殺人に対する後悔の様子もなければ、自分は幸せだともいう。自分が助かろうと裁判を戦ってる雰囲気もしない。ムルソーという男はまさに「異質」だ。
だが、本当にそうなのか。
母が亡くなったとき、その死に顔を本当に見なくてはいけないのか。死の翌日に誰かと遊んで映画を見ちゃいけないのか。これらの行為をしないのは死を悲しんでいるのではなく、「死を悲しむ」ポーズをしてるのに過ぎないのではないだろうか。
裁判ではムルソーが母の死を本当に悲しんでいることが大きく問われていた。だが母が亡くなったときの振る舞いが殺人とどんな因果があるというのか。
検事や司祭は神を持ち出してムルソーに告白を迫る。しかし神を持ち出しさえすれば自分の思惑通りの言葉を相手から引っ張り出せると思ったら大間違いだ。

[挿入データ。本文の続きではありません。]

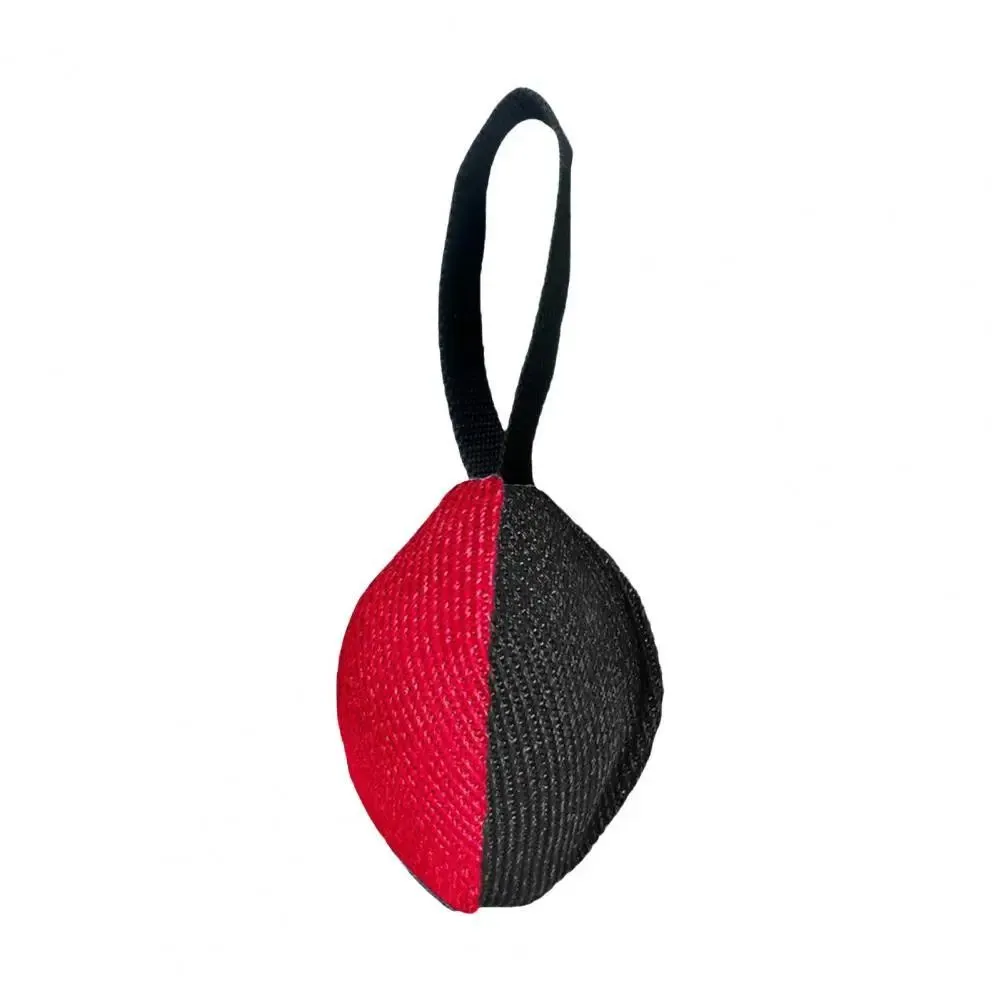 Linen tug toy with T-shaped pull tab, handcrafted in Europe from heavy-duty French linen, 14x11cm, available in blue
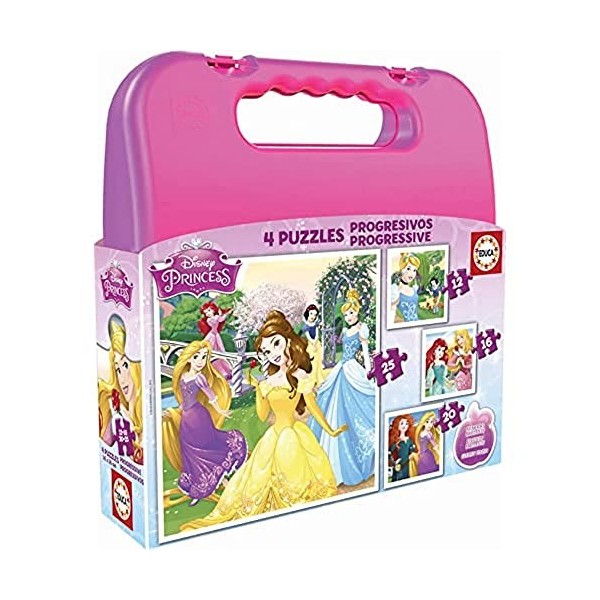 Educa - 16508 - Koffer Progressive Puzzle - Disney Princesse - Set De 4 Rouge Small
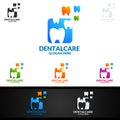 Dental Logo Tooth abstract design vector template, Dentist stomatology medical design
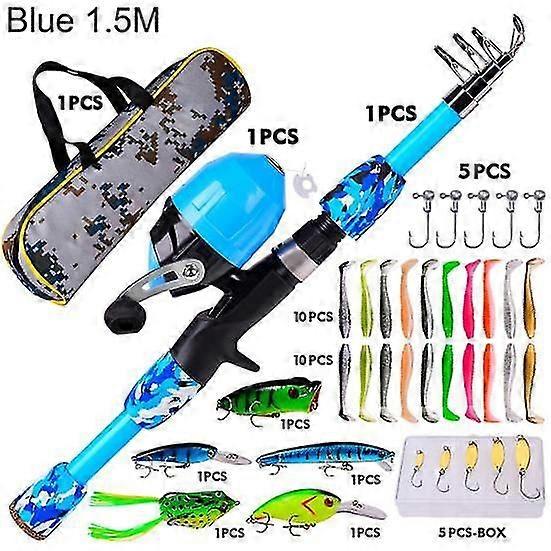 38Pcs/Set Fishing Rod Kit High Sensitivity Easy to Carry Solid Color Good and Reel Combo Suit for Vacation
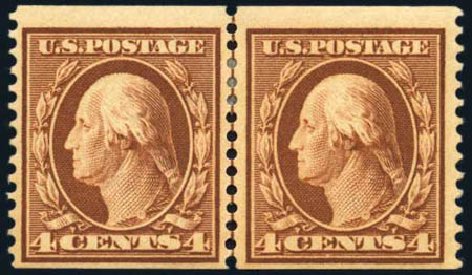 Price of US Stamps Scott Catalogue # 354: 1909 4c Washington Coil. Harmer-Schau Auction Galleries, Feb 2010, Sale 84, Lot 1547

確かに外面はよくない。「なんとなく」やっておいた方がいい行為かもしれない。でもムルソーの振る舞いはその「なんとなく」の欺瞞を意図せず突きつけている。
仮に人を殺すことがなくても誰もがムルソー的な要素を持ち合わせているのではないだろうか。「なんとなく」よしとされているものは、実をいうと本質と関係ない。それらを欺瞞として拒否して思うままに振る舞う感情こそ、皆が心に買っているムルソーだ。
タイトルの「異邦人」とはおそらくムルソーのことだろう。しかし彼は本当に異邦の者なのか。仮に異邦だとしたら、我々だって異邦の感情は持ち合わせてるに違いない。
【本と出会ったきっかけ】
札幌のすすきのにあるバー・Agoraで開催される読書会の課題図書だったため。